Addressing pdf-tools
I don’t really remember what I had, but it was something like:
(use-package pdf-tools
:ensure t
:config
(setenv "PKG_CONFIG_PATH" "/opt/homebrew/Cellar/zlib/1.3.1/lib/pkgconfig")
(pdf-tools-install)
(custom-set-variables
'(pdf-tools-handle-upgrades t)))
And I changed to:
(use-package pdf-tools
:ensure t
:config
(setenv "PKG_CONFIG_PATH" "/opt/homebrew/Cellar/zlib/1.3.1/lib/pkgconfig")
:hook (after-init . pdf-tools-install))
By using :hook, use-package delays loading the package. This also reduced 5+ sec.
But, if I reverted the change, somehow it didn’t add 5+ sec to the startup time. Mmmm….
Deferred loading with use-package
If you use use-package, having :init and/or :config: alone doesn’t seem to tell use-package that it should defer loading. In this case, you can add :defer t. But this sometimes doesn’t work.
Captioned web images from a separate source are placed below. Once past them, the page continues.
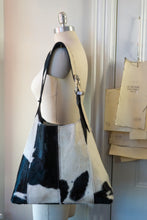 Load image into Gallery viewer, &quot;053 of a Kind&quot; Genuine Cowhide Tote
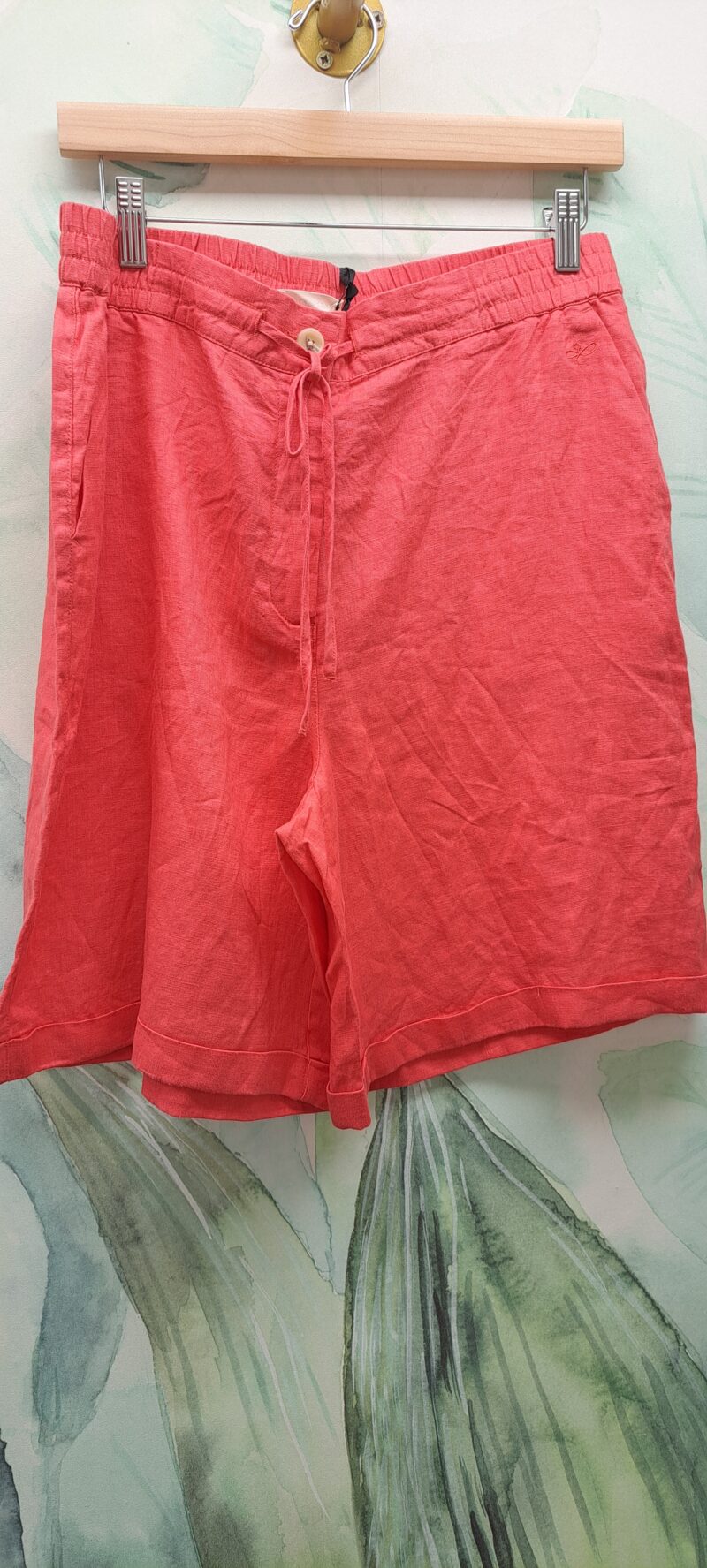 Short lin corail Julie Guerlande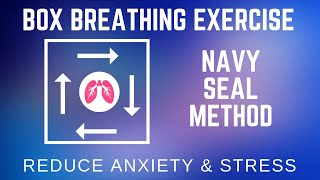 Box Breathing Exercise | TAKE A DEEP BREATH | Pranayama Series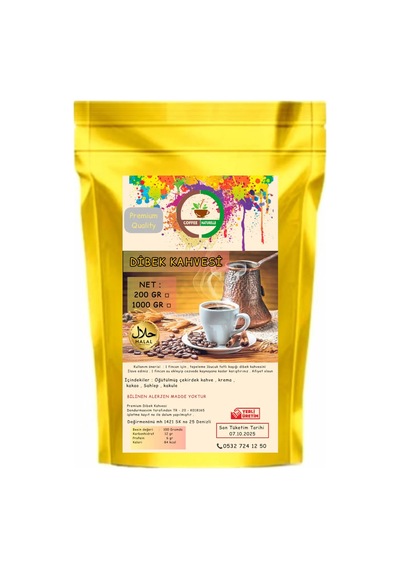 Coffee Naturelle Dibek Kahvesi 500 G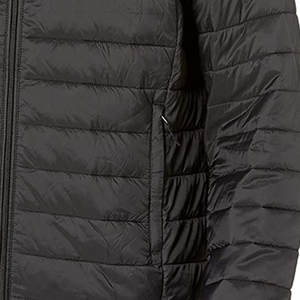 Chaquetas de Invierno Acolchadas para Hombre, con Logotipo Personalizado Impreso en la Parte Delantera, Cuello Alto, Resistentes al Viento, Cálidas y Transpirables - Product Image 5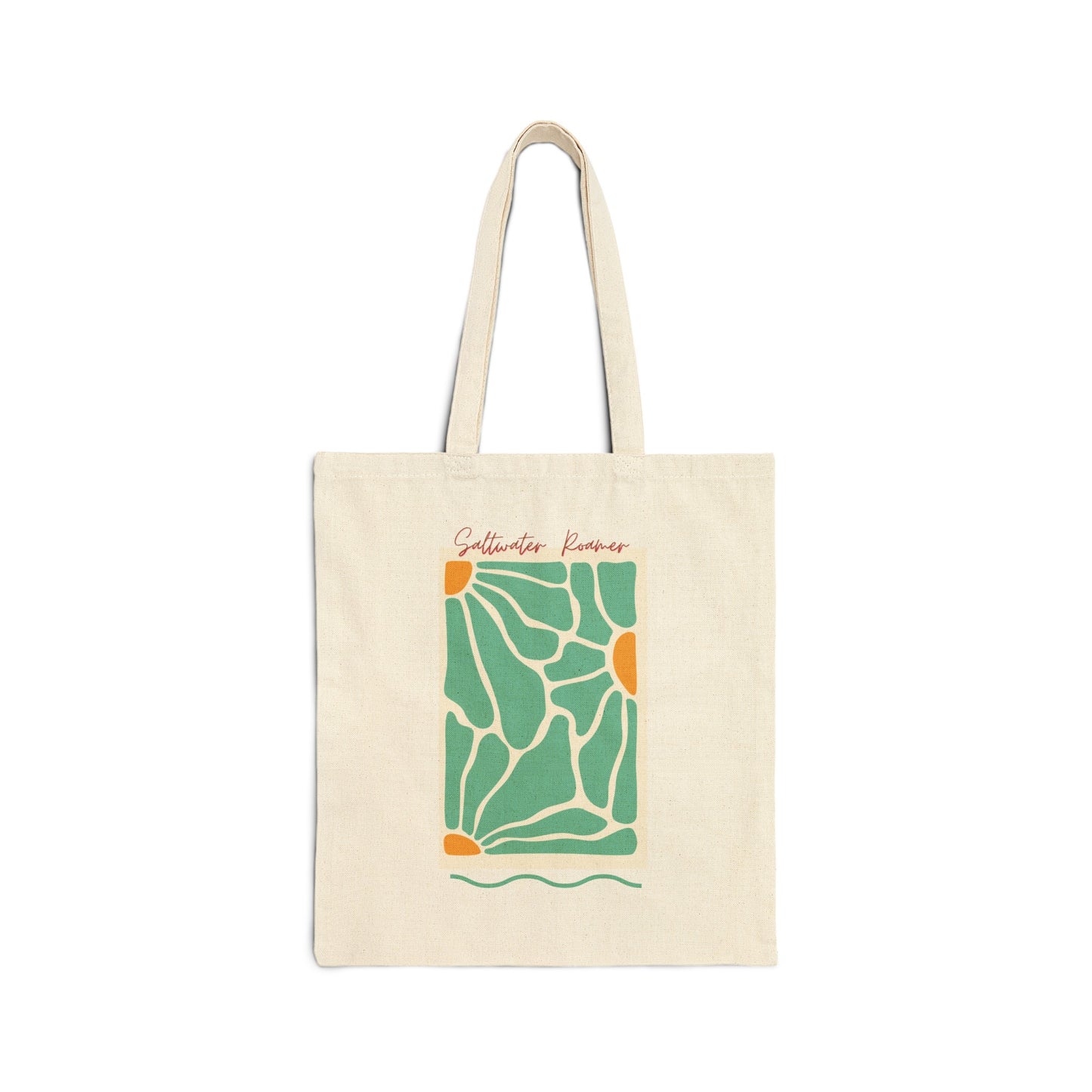 Cotton Canvas Tote Bag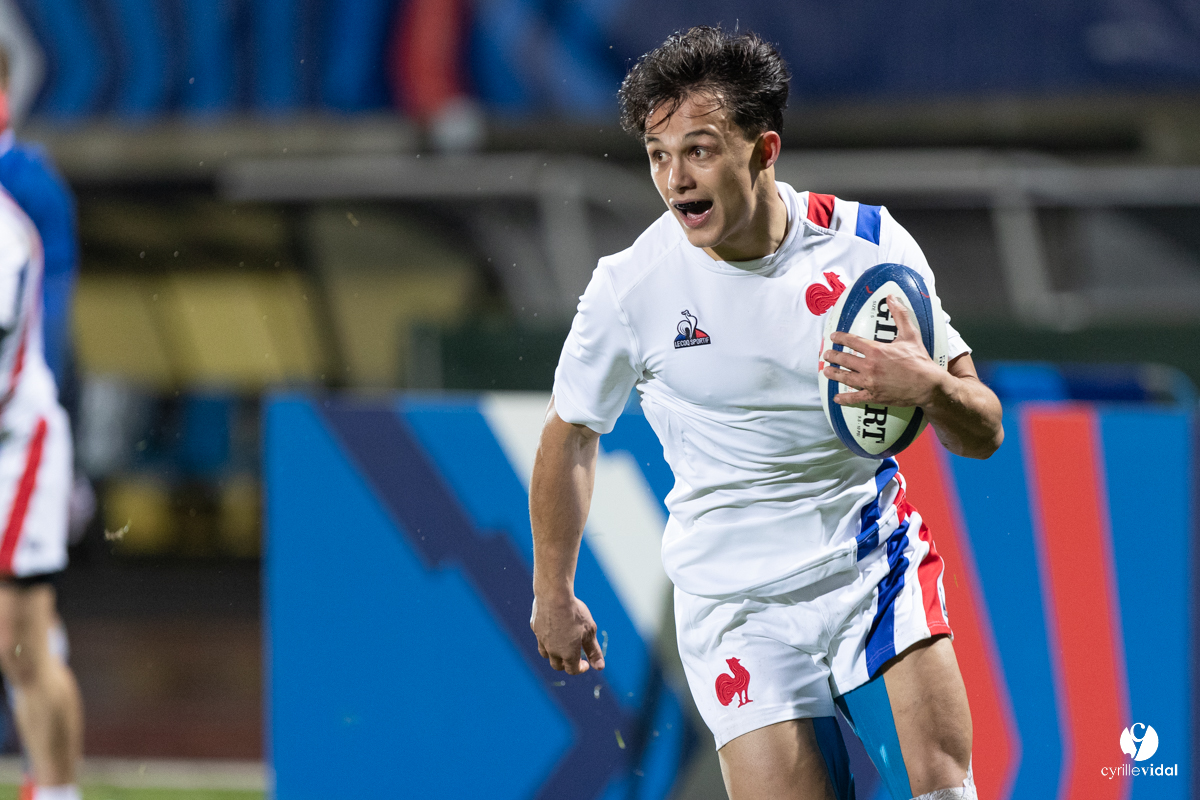 France - Italie U20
The manual says :defer t alone is not very useful. I still need to learn more in this area. My strategies for now is to:
- Put
:defer t - Use
:hookand:bind
and see if it affects the package startup time. If it didn’t, I just remove :defer t. For example, I put :defer t to pyvenv config and it worked:
;; pyvenv
(use-package pyvenv
:ensure t
:defer t
:config
(pyvenv-mode 1))
I addressed several slow-loading packages in this way, and I was able to shorten Emacs startup drastically. Now it starts in a few seconds, and doesn’t annoy me anymore. Fast Emacs startup is good for your mental health.